Task objective: What you give back should be exactly the opening lines of the data, ending with the line that contains "A pic from outside/outdoor" and including it.

___ Given entries ___

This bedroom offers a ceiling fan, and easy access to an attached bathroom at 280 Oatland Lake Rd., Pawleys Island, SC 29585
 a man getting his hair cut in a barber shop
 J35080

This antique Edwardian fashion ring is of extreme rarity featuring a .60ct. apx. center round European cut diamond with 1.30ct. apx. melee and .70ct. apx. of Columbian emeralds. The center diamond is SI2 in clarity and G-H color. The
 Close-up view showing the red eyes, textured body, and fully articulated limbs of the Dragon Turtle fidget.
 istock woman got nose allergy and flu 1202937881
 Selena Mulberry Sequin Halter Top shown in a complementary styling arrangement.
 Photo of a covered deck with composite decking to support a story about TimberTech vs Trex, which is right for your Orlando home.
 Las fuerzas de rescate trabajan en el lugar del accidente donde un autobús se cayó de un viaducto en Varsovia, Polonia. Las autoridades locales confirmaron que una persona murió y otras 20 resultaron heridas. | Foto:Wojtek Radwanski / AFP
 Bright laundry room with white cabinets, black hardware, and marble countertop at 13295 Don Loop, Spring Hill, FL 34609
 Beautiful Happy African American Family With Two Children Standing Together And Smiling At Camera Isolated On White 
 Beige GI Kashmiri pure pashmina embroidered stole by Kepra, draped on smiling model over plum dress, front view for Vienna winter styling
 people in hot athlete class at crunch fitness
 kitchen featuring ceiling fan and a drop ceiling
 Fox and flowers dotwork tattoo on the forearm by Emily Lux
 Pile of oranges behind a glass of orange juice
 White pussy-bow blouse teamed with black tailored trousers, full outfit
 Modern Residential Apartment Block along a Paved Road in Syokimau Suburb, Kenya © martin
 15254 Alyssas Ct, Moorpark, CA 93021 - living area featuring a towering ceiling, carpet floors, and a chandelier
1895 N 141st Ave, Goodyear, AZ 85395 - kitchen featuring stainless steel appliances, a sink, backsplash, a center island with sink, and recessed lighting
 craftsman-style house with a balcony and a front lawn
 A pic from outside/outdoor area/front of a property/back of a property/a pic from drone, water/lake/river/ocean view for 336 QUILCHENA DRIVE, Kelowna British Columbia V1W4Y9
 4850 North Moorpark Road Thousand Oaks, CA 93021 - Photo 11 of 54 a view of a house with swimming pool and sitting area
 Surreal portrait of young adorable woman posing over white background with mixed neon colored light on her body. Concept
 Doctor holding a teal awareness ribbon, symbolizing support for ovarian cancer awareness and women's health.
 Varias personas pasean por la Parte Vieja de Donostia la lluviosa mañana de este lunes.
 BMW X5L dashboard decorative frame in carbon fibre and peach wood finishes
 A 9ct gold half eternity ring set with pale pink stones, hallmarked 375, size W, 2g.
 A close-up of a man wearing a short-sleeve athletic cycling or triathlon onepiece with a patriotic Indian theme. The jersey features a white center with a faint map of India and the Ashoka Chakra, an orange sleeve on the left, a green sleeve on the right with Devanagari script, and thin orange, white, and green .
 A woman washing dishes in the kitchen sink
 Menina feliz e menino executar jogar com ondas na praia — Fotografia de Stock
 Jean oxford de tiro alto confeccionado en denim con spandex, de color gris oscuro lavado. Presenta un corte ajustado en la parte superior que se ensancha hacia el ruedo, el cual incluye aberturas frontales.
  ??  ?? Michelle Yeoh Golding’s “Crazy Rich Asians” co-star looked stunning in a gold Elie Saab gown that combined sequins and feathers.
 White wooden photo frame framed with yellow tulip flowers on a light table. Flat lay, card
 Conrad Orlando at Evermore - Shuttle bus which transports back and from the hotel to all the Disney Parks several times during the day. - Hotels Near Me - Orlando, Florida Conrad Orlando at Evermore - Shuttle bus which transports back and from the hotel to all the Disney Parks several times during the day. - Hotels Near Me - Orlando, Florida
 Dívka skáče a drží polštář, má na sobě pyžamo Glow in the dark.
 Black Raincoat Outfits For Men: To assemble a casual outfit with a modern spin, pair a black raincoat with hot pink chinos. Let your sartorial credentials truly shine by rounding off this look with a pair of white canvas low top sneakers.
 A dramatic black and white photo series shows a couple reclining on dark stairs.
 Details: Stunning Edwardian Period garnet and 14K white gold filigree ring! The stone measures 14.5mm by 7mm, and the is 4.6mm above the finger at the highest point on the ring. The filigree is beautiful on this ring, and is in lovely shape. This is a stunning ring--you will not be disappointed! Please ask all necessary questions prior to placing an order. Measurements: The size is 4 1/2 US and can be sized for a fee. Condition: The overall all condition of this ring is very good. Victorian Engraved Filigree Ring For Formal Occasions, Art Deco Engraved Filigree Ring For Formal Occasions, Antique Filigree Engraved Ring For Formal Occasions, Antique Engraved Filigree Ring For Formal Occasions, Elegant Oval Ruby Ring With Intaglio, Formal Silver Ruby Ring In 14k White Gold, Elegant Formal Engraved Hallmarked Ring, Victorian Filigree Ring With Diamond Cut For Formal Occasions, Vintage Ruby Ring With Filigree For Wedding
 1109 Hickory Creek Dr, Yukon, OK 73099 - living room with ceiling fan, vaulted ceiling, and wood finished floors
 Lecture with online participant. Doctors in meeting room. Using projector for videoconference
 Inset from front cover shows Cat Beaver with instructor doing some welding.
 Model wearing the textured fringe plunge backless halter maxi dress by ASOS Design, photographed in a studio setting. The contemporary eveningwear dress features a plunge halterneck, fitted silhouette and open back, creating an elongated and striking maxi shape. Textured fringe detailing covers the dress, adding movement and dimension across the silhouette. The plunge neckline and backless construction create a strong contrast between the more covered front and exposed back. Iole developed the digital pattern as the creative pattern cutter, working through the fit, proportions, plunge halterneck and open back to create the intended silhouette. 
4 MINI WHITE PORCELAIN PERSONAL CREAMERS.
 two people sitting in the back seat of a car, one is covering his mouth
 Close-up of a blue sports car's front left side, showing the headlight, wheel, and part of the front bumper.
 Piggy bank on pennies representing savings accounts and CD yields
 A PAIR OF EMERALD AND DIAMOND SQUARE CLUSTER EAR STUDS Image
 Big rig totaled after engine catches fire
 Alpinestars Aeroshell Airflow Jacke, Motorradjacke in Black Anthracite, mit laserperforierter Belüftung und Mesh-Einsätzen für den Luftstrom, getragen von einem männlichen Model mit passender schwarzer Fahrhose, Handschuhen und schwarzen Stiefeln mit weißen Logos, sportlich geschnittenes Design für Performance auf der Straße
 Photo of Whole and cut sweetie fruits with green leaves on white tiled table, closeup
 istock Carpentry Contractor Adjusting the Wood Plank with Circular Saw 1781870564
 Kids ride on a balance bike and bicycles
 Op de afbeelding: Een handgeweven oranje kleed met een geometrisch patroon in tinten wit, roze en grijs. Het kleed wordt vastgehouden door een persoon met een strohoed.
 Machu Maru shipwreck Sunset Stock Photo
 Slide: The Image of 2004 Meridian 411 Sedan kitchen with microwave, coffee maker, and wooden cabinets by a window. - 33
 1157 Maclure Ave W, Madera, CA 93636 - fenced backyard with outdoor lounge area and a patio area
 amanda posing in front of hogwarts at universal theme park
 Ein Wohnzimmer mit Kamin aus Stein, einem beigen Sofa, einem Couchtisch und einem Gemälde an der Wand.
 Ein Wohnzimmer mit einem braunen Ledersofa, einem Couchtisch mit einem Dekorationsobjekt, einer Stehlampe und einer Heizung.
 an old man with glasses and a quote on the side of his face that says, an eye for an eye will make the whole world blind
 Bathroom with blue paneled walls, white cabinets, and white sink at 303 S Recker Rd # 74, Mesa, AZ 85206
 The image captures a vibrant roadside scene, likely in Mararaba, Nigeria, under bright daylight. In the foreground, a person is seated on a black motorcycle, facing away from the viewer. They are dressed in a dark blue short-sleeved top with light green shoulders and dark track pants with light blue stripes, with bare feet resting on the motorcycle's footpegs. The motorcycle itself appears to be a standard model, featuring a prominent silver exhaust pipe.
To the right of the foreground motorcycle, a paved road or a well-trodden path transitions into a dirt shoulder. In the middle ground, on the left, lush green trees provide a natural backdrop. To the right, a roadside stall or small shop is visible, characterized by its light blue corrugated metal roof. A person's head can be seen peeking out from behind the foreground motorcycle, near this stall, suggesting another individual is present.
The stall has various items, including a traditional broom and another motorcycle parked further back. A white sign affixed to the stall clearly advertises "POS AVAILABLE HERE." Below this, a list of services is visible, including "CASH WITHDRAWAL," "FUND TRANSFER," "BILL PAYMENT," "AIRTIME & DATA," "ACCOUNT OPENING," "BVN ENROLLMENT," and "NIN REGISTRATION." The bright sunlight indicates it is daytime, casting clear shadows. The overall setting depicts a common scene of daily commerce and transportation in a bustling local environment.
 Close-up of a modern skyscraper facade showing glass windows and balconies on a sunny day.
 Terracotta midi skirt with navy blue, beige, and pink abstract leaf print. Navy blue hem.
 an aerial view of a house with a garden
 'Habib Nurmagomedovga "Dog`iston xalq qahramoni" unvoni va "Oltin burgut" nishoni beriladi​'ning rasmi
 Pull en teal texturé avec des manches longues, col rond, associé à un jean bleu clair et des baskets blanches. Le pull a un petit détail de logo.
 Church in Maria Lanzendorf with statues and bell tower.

___

Answer for the task:
This bedroom offers a ceiling fan, and easy access to an attached bathroom at 280 Oatland Lake Rd., Pawleys Island, SC 29585
 a man getting his hair cut in a barber shop
 J35080

This antique Edwardian fashion ring is of extreme rarity featuring a .60ct. apx. center round European cut diamond with 1.30ct. apx. melee and .70ct. apx. of Columbian emeralds. The center diamond is SI2 in clarity and G-H color. The
 Close-up view showing the red eyes, textured body, and fully articulated limbs of the Dragon Turtle fidget.
 istock woman got nose allergy and flu 1202937881
 Selena Mulberry Sequin Halter Top shown in a complementary styling arrangement.
 Photo of a covered deck with composite decking to support a story about TimberTech vs Trex, which is right for your Orlando home.
 Las fuerzas de rescate trabajan en el lugar del accidente donde un autobús se cayó de un viaducto en Varsovia, Polonia. Las autoridades locales confirmaron que una persona murió y otras 20 resultaron heridas. | Foto:Wojtek Radwanski / AFP
 Bright laundry room with white cabinets, black hardware, and marble countertop at 13295 Don Loop, Spring Hill, FL 34609
 Beautiful Happy African American Family With Two Children Standing Together And Smiling At Camera Isolated On White 
 Beige GI Kashmiri pure pashmina embroidered stole by Kepra, draped on smiling model over plum dress, front view for Vienna winter styling
 people in hot athlete class at crunch fitness
 kitchen featuring ceiling fan and a drop ceiling
 Fox and flowers dotwork tattoo on the forearm by Emily Lux
 Pile of oranges behind a glass of orange juice
 White pussy-bow blouse teamed with black tailored trousers, full outfit
 Modern Residential Apartment Block along a Paved Road in Syokimau Suburb, Kenya © martin
 15254 Alyssas Ct, Moorpark, CA 93021 - living area featuring a towering ceiling, carpet floors, and a chandelier
1895 N 141st Ave, Goodyear, AZ 85395 - kitchen featuring stainless steel appliances, a sink, backsplash, a center island with sink, and recessed lighting
 craftsman-style house with a balcony and a front lawn
 A pic from outside/outdoor area/front of a property/back of a property/a pic from drone, water/lake/river/ocean view for 336 QUILCHENA DRIVE, Kelowna British Columbia V1W4Y9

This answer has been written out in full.